[WORK TASK]
For this exercise, repeat the records below exactly and omit every picture.

[Items from a data source]
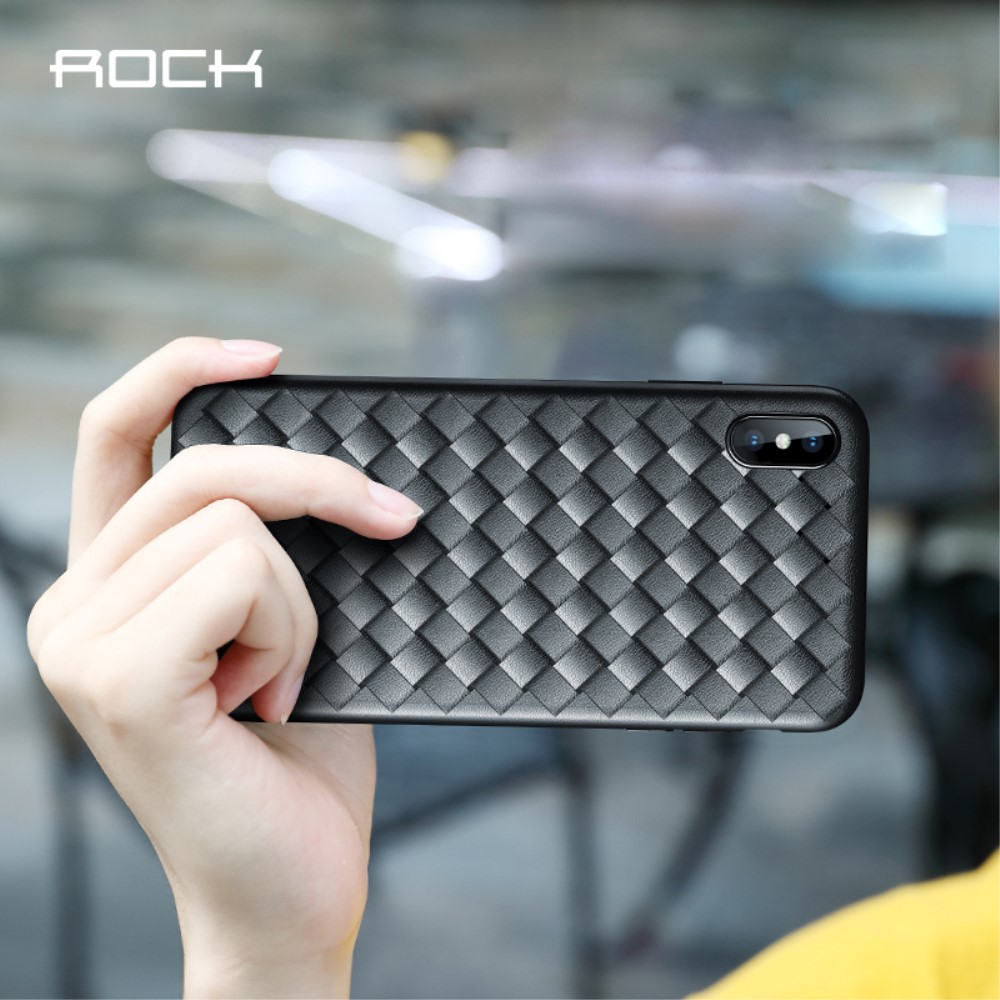 Husa TPU iPhone XS Max Woven Pattern Neagra Rock thumb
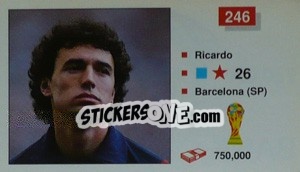Sticker Ricardo - World Cup Italia 1990 n. 246 - Merlin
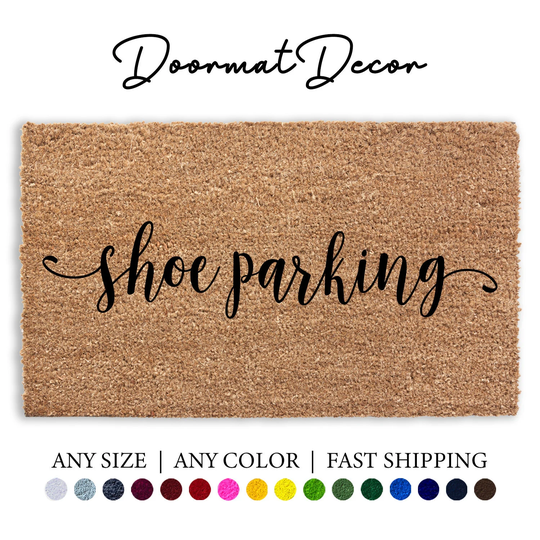 Shoe Parking Flocked Coir Doormat, Outdoor Welcome Mat, Custom Personalized Door Housewarming, Funny Doormat Gift, Remove Shoes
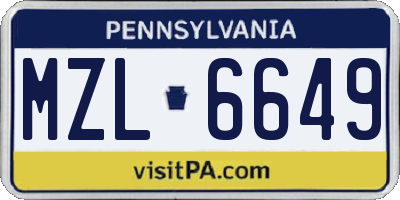 PA license plate MZL6649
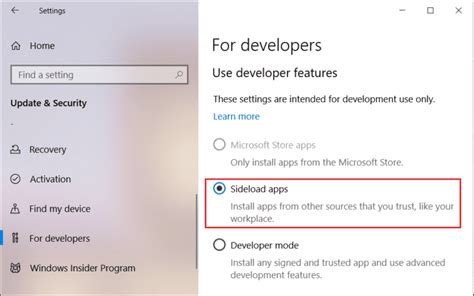 Image result for Side Loading Windows Apps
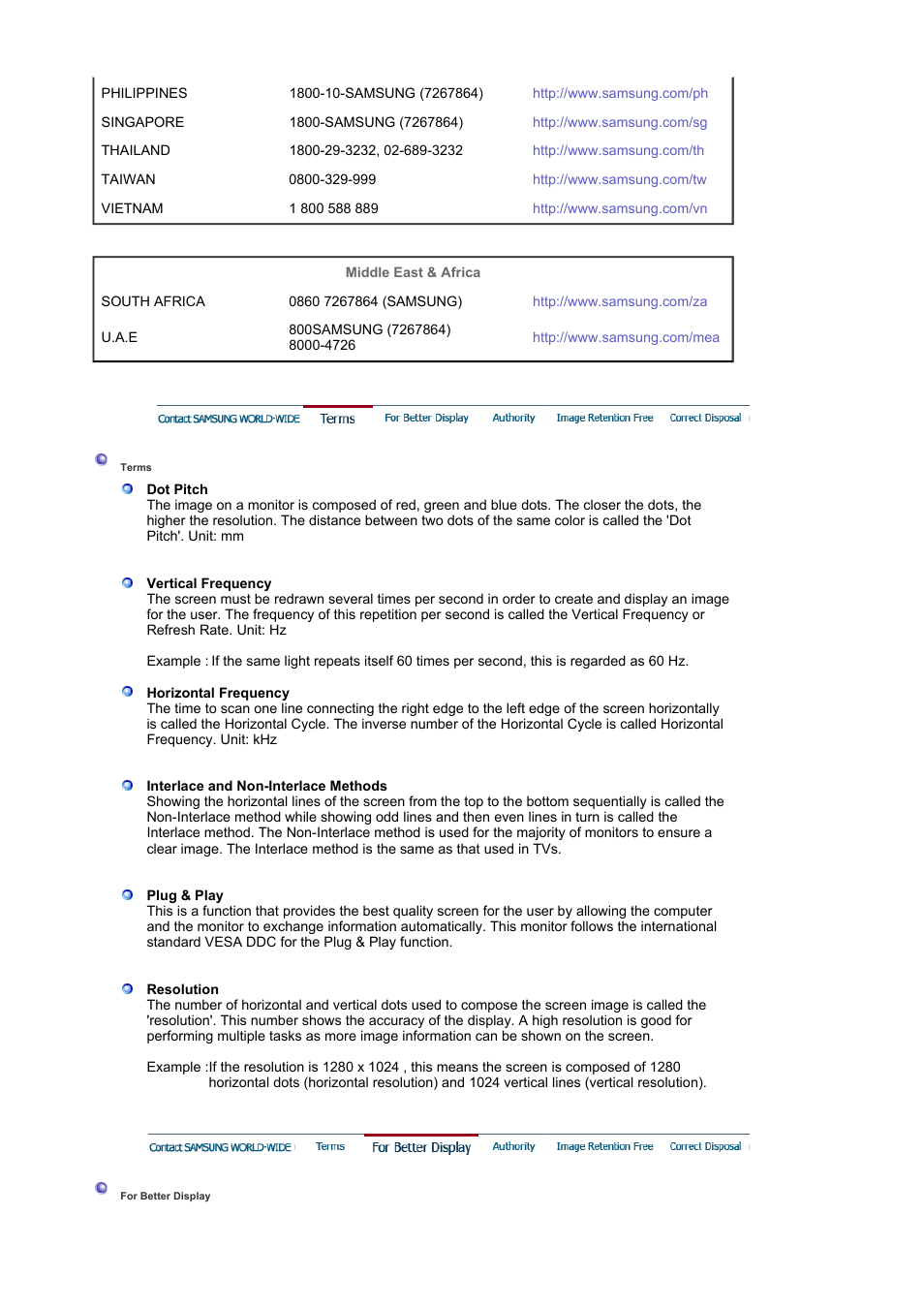 Terms, For better display | Samsung MJ19BSASQ-XBG User Manual | Page 184 / 189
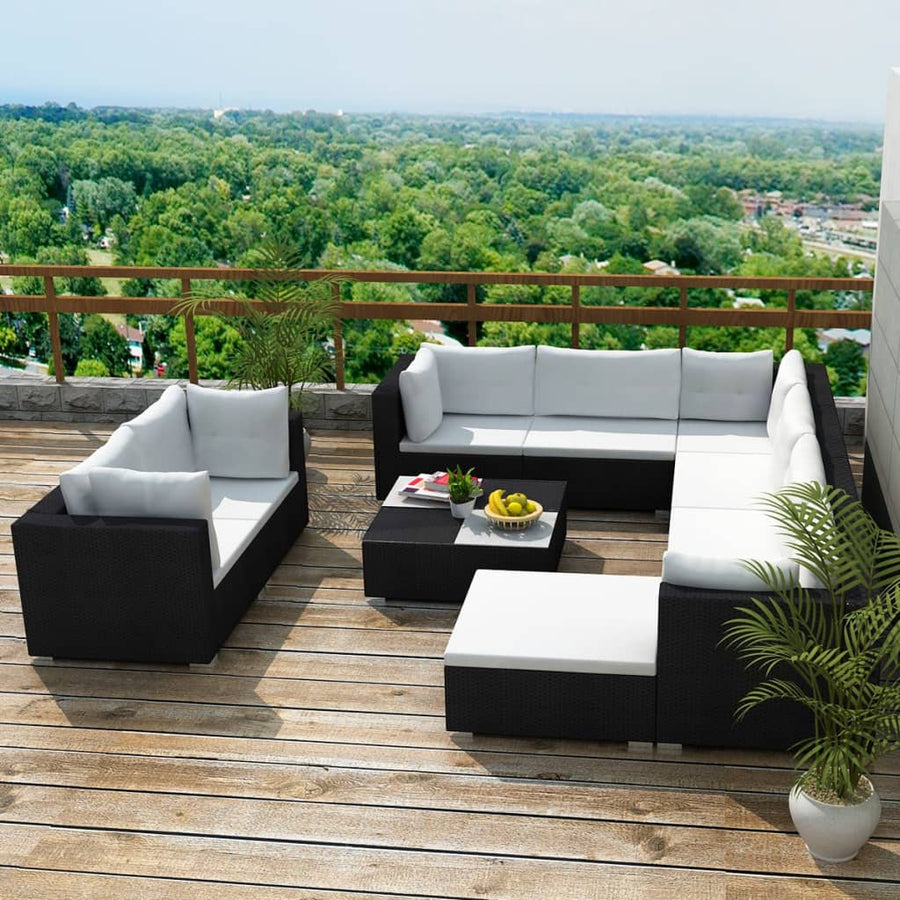 Set Mobilier De Grădină Cu Perne, 10 Piese, , Poliratan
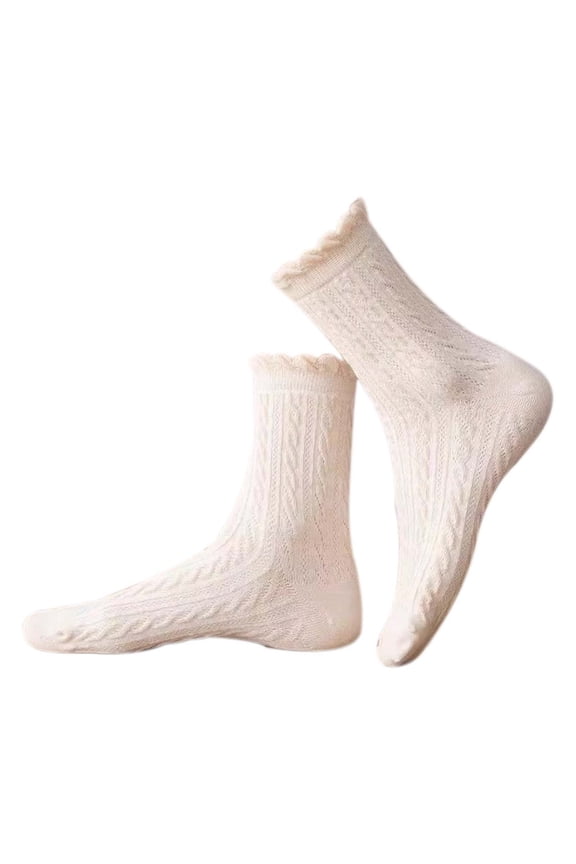 Ladies Mid Socks Cotton Ribbed Fall Socks Soft Comfortable Everyday Wear With Scalloped Edges For Autumn Warmth Cozy Pile Lined Breathable Boot Socks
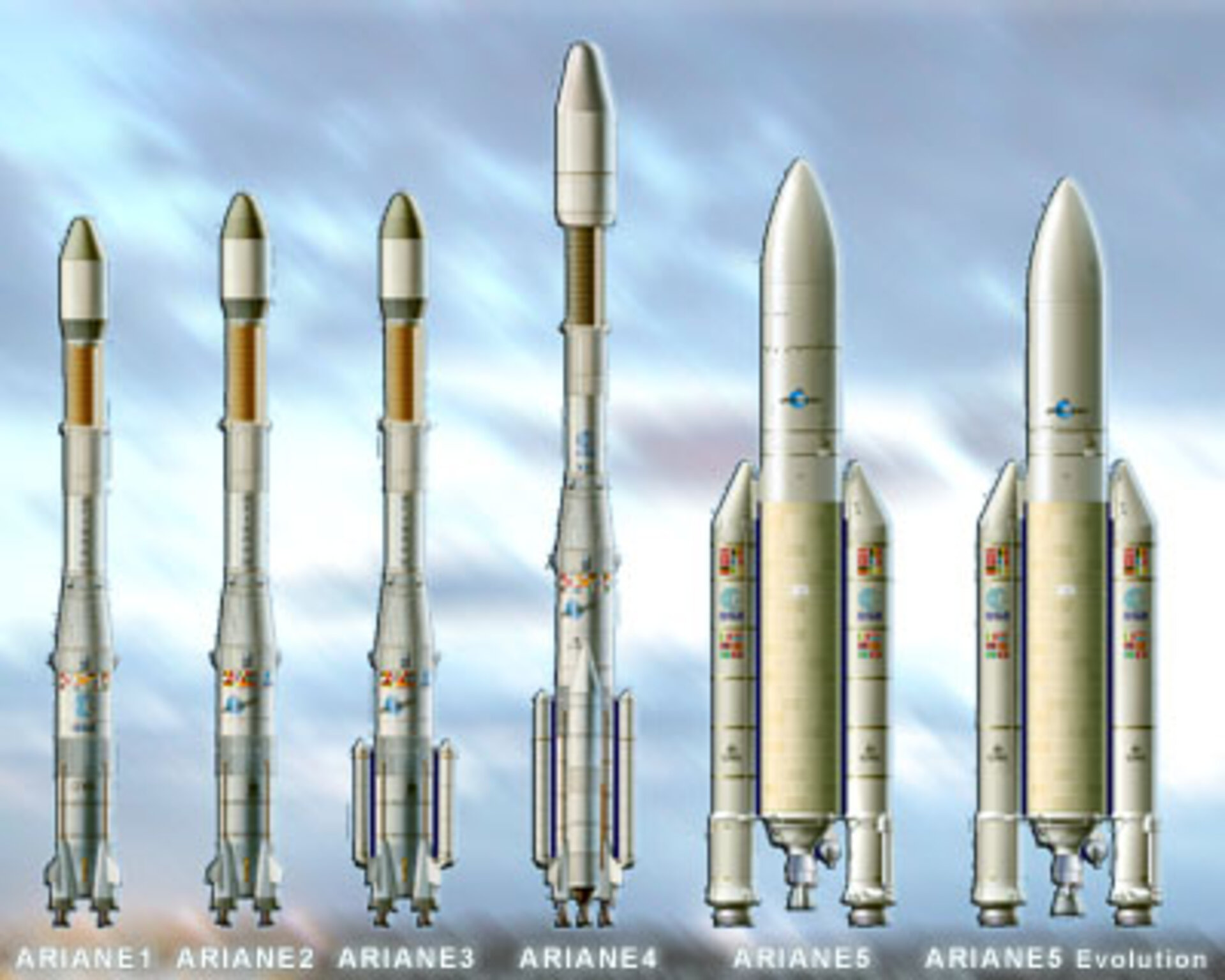 The Ariane launcher family artist view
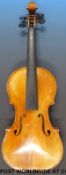 A 20th century violin labelled szep erno Debrecen 1971 (35cm back)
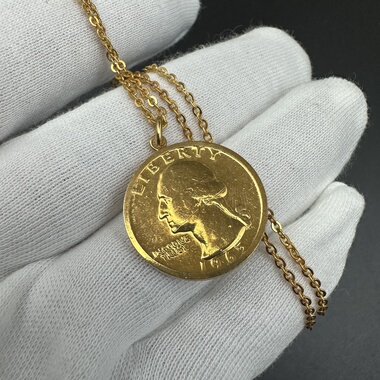 中古vintage复古宫廷 金币头像吊坠 锁骨链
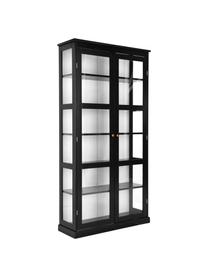 Glasvitrine Wilma, Korpus: Mitteldichte Holzfaserpla, Griffe: Metall, beschichtet, Schwarz, B 98 x H 193 cm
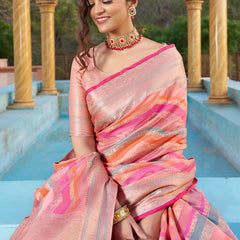 Mesmerising Pink Organza Silk Saree With Delightful Blouse Piece
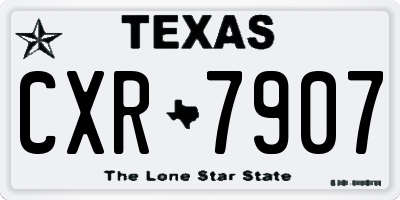 TX license plate CXR7907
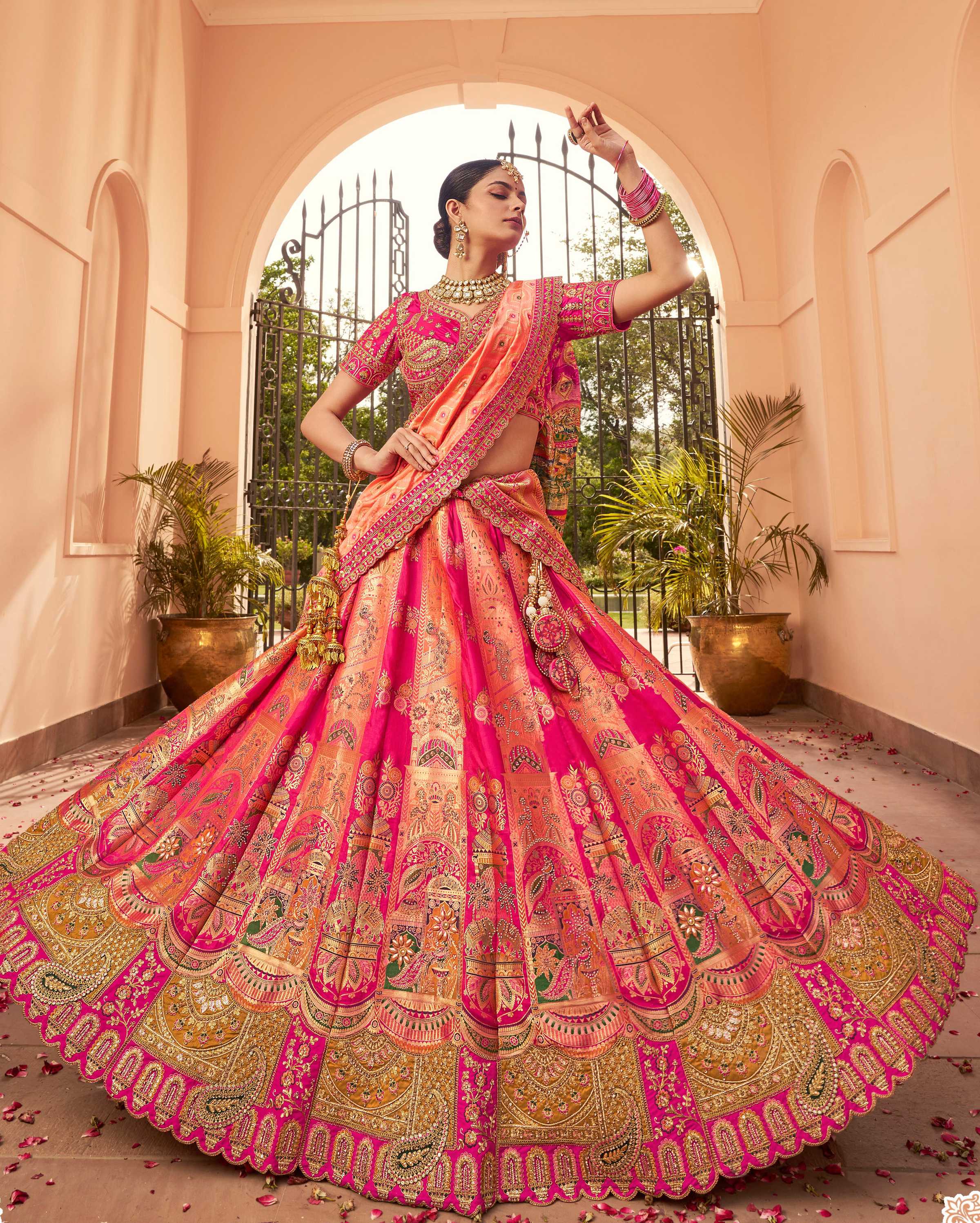 Monjolika Fashion Rani Pink Banarasi Silk Diamond Wedding Trendy Lehenga Choli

[EXERCISE RESPONSE]
 Husa TPU iPhone XS Max Woven Pattern Neagra Rock thumb
Sticker Ricardo - World Cup Italia 1990 n. 246 - Merlin
 Shoe Parking Flocked Coir Doormat, Outdoor Welcome Mat, Custom Personalized Door Housewarming, Funny Doormat Gift, Remove Shoes
 PA license plate MZL6649
 Image result for Side Loading Windows Apps
 Terms, For better display | Samsung MJ19BSASQ-XBG User Manual | Page 184 / 189
 Set Mobilier De Grădină Cu Perne, 10 Piese, , Poliratan
 Ladies Mid Socks Cotton Ribbed Fall Socks Soft Comfortable Everyday Wear With Scalloped Edges For Autumn Warmth Cozy Pile Lined Breathable Boot Socks
 The Ariane launcher family artist view
 A 20th century violin labelled szep erno Debrecen 1971 (35cm back)
 中古vintage复古宫廷 金币头像吊坠 锁骨链
 Glasvitrine Wilma, Korpus: Mitteldichte Holzfaserpla, Griffe: Metall, beschichtet, Schwarz, B 98 x H 193 cm
 Mesmerising Pink Organza Silk Saree With Delightful Blouse Piece
 TX license plate CXR7907
 Monjolika Fashion Rani Pink Banarasi Silk Diamond Wedding Trendy Lehenga Choli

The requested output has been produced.